This creates friction, for me at least and I imagine for most people. Imagine you figure out the next big tech innovation, an interface that will put touch screens in an early grave. You see it, it's risky but you know you want to press ahead. Then you have to push the idea through 20 layers of management approval, and each layer demands you make the same case again and again until you convince them. 18 months later, the top brass sign off and of course the innovation has cropped up elsewhere - in a company that doesn't have all these layers of friction. The project ultimately fails.

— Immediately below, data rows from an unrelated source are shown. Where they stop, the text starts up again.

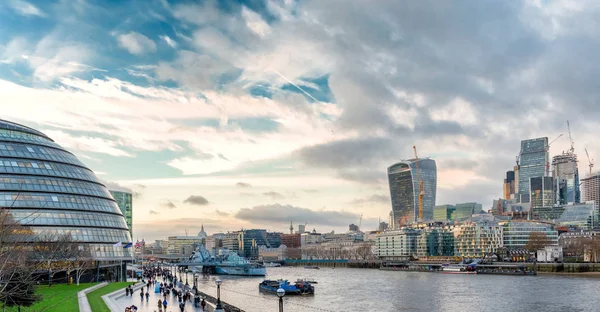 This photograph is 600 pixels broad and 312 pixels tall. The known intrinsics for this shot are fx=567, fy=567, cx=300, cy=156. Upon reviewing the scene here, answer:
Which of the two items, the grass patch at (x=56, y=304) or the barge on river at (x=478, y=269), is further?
the barge on river at (x=478, y=269)

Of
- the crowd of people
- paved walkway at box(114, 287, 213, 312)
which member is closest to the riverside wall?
the crowd of people

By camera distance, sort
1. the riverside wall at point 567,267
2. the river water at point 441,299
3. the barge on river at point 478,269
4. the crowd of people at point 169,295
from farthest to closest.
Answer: the barge on river at point 478,269 → the riverside wall at point 567,267 → the river water at point 441,299 → the crowd of people at point 169,295

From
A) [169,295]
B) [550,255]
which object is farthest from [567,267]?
[169,295]

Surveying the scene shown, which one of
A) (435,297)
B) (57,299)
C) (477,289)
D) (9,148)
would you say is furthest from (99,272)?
(477,289)

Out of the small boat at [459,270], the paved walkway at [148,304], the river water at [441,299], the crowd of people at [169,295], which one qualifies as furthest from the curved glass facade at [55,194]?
the small boat at [459,270]

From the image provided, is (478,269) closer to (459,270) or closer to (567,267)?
(459,270)

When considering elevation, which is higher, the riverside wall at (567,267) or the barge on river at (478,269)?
the riverside wall at (567,267)

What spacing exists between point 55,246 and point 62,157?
2769 centimetres

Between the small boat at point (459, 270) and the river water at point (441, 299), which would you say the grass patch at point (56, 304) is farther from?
the small boat at point (459, 270)

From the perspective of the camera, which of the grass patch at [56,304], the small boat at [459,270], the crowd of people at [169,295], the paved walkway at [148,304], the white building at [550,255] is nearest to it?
the grass patch at [56,304]

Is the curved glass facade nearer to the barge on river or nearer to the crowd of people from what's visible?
the crowd of people

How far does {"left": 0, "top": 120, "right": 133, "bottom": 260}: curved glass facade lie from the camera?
287 ft

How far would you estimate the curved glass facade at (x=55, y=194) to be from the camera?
87375 mm

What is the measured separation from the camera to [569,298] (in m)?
76.8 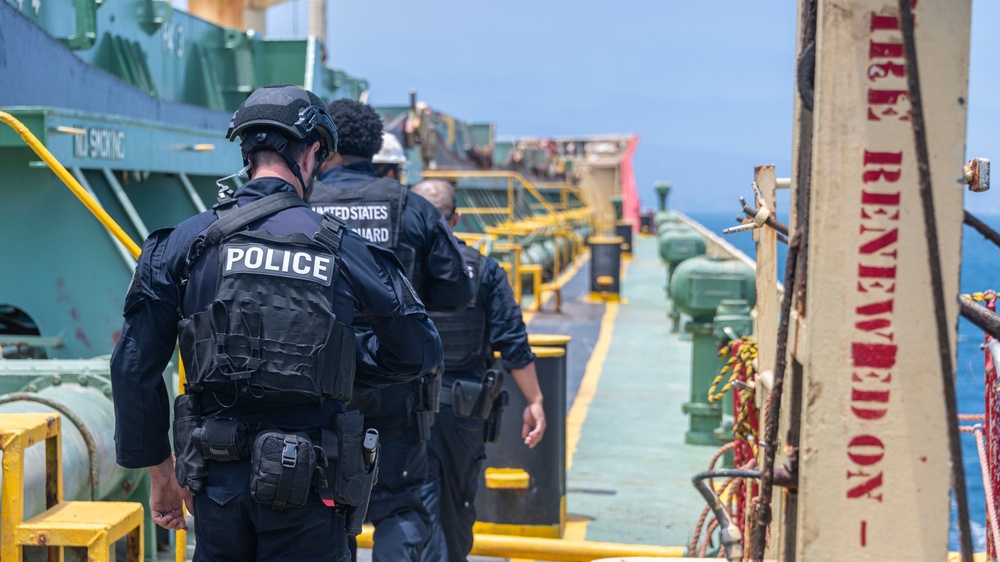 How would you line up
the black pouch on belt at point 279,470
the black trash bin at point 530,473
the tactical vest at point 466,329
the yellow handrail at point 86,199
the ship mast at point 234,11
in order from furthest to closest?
the ship mast at point 234,11
the black trash bin at point 530,473
the tactical vest at point 466,329
the yellow handrail at point 86,199
the black pouch on belt at point 279,470

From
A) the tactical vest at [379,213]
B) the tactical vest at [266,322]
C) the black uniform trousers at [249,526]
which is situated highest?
the tactical vest at [379,213]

To me, an artist I've looked straight in the eye at all the potential downsides of this career path. I decided to press ahead anyway. At the point you decide to do something as hard as succeed as an artist, what you need, all you need is support. Even criticism if it is pertinent to artistic or professional development is support. But having people ask you to reevaluate your decision to embark is not support. It's friction.

That's what I want gone for myself, that I try to provide or compensate for, for others.

Next question.

Saturday, August 23, 2014

Intermission

The next sets of questions relate to self-agency, influencing your own life and taking responsibility. It was here in reading the book I learned the hard lesson of diagnosing oneself from the internet. Originally I read a small excerpt from the book that was a case study that closely reflected my own childhood. Bam! that's what I have, the white knight syndrome.

I then had a relatively brief period of about 6 months where I overcorrected, culminating in my first ever panic attack where I felt honor bound to disengage from anybody that had any kind of problem so as to not let me rescuing tendencies take over me. Like an addict abstaining.

I reached out to several friends, while simultaneously worsening my own crisis as I realised these friends too had their own problems. I wanted to ask the senior most and most seemingly stable of my friends if there was some island somewhere populated by happy secure people that I could move to so my White Knighthood would not be a problem for me.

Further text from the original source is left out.